## [What is required]
Wherever a picture appears in the listing, leave it out, and copy the rest exactly.
--- Data excerpt ---
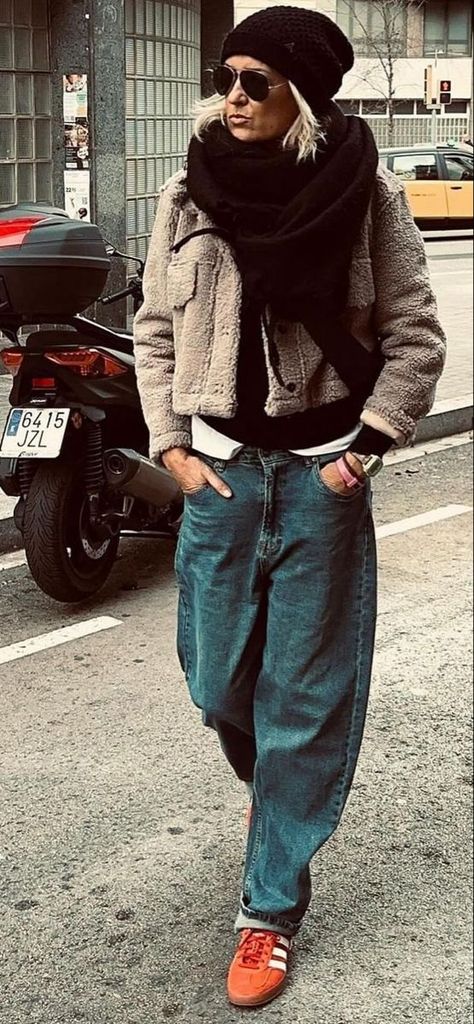 Current Street Style, Fall Winter Street Style 2024, Street Style Winter 2024 Women, Casual Street Style 2024 Fall, Scandanavian Street Style Fall, Cool Mom Outfits Fall, Distressed Jean Outfits, Street Style Autumn 2024, Autumn Winter Fashion 2024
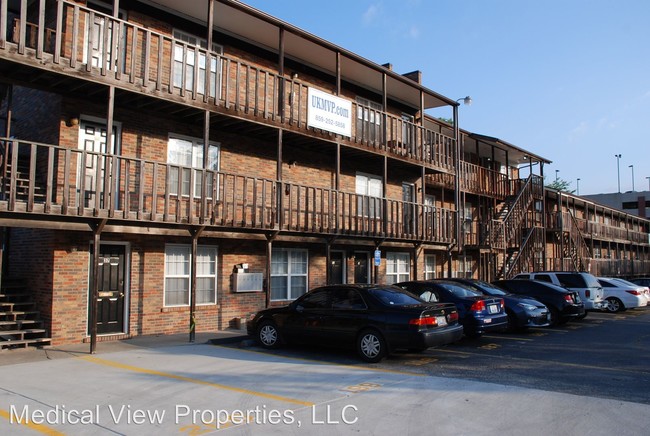 Building Photo - 2 br, 1 bath Apartment - 805 Press Avenue
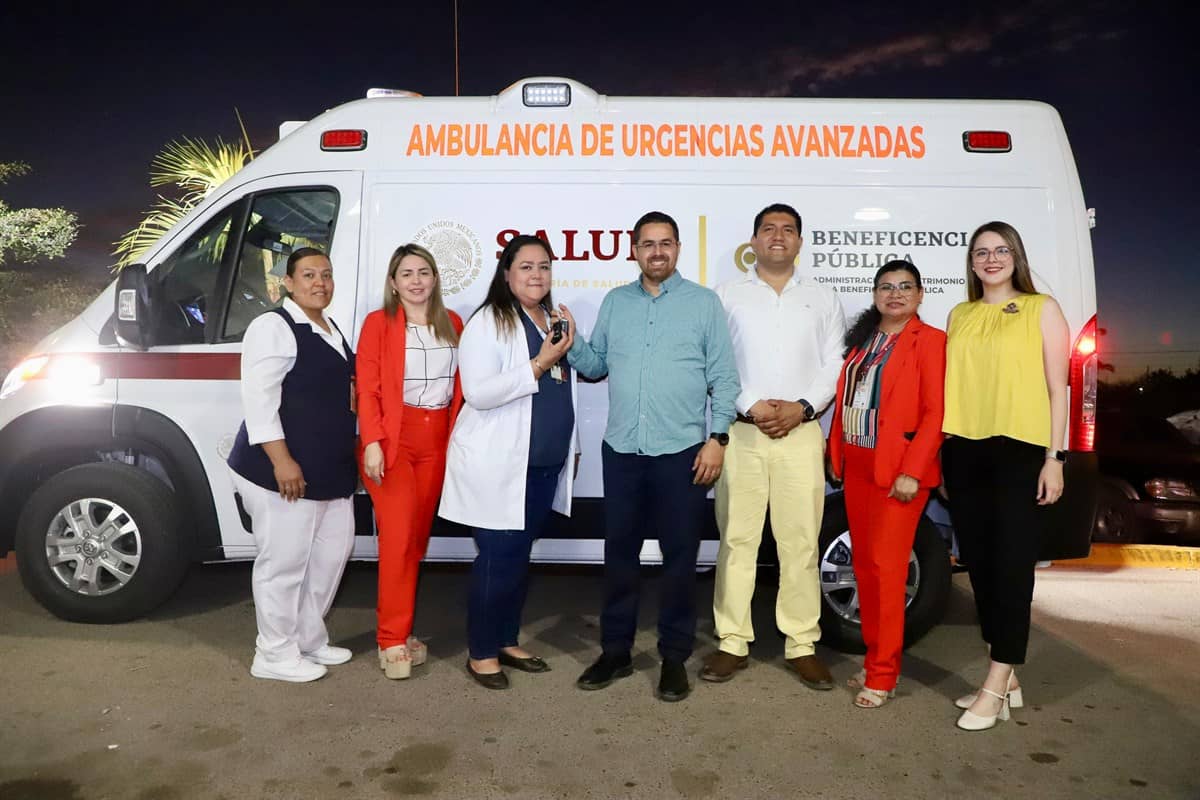 Entrega-ambulancia-hospital de Escuinapa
---
## [Output]
 Current Street Style, Fall Winter Street Style 2024, Street Style Winter 2024 Women, Casual Street Style 2024 Fall, Scandanavian Street Style Fall, Cool Mom Outfits Fall, Distressed Jean Outfits, Street Style Autumn 2024, Autumn Winter Fashion 2024
 Building Photo - 2 br, 1 bath Apartment - 805 Press Avenue
 Entrega-ambulancia-hospital de Escuinapa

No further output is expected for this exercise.